Yes, tragically, the slowing down sometimes comes with a big injury or a DWI conviction or a mental crisis, but for most people, it's just.... Life. Start off in your 20s & 30s jumping cliffs, finish up skiing a groomer with your grandkids, or with your old ski buddies who are now retired.

As I said, I'm planning for a midlife crisis. I know that I don't want to sit in a cubicle for 25 more years, so I'm planning an escape. Maybe after a couple years in Crested Butte or Taos or Fernie or Lake Wanaka, I'll realize that I like the convenience of the suburbs more than I like living in a mountain town and teaching skiing to earn side income. Maybe I'll move to a secondary ski town like Bend, Bozeman, Whitefish, or Durango and get a job at a brewery or some shit.

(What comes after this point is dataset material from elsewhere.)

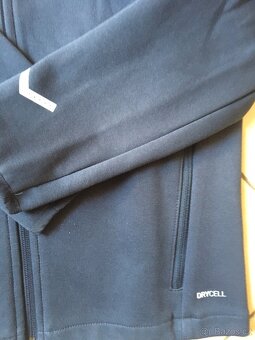 Mikina s kapucí zn.Puma velikost 164 - 3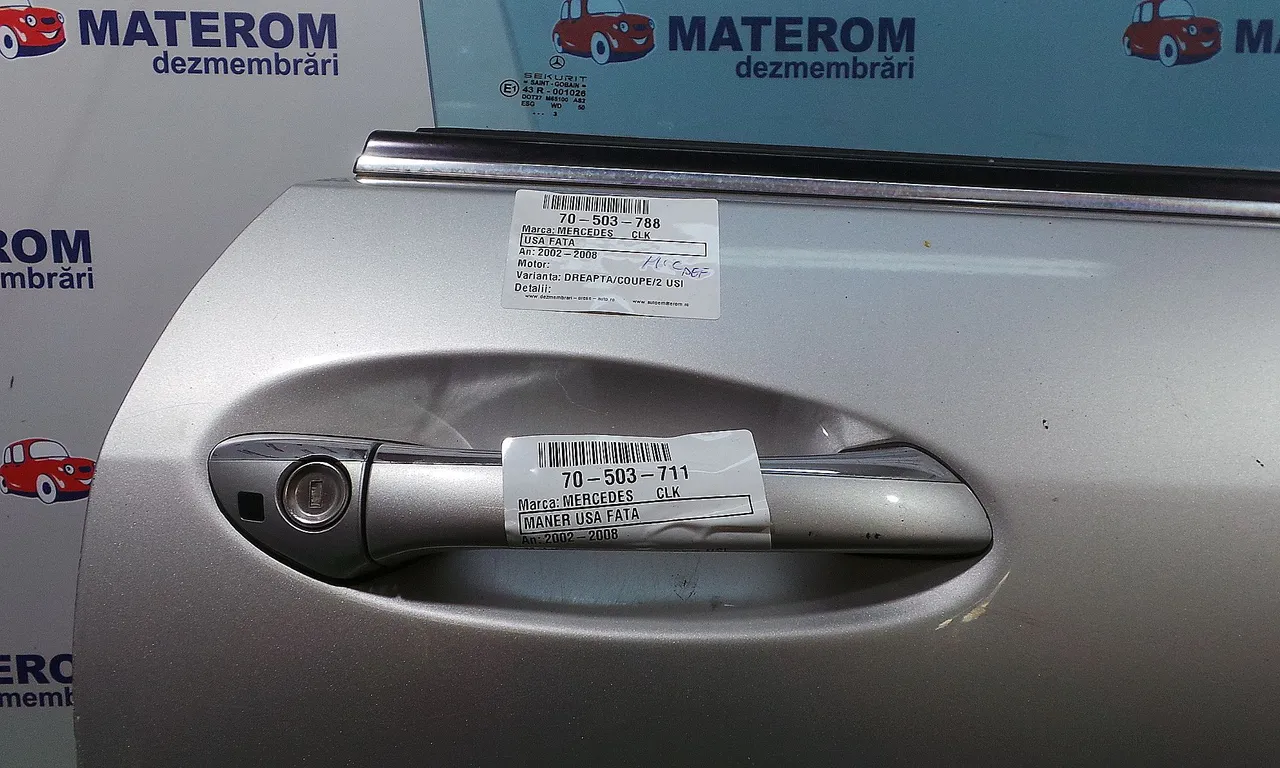 MANER USA FATA DREAPTA MERCEDES CLK 2002-2010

I'm not upset or defensive at the article, just having a discussion. What I take away from it is that people should constantly check up on their lives and make sure that they are on the path they want to be on. Then, if they aren't, people shouldn't be afraid to change their path, so they are headed towards a future that they are comfortable with. I guess that message wouldn't get as many readers as the "Peter Pans need to grow up" headline and subhead, though.

Sorry for the long post... These kinds of articles are good because they fit right into my constant life checkups. There's no "right" or "wrong" way to live. Only the way that works for the individual.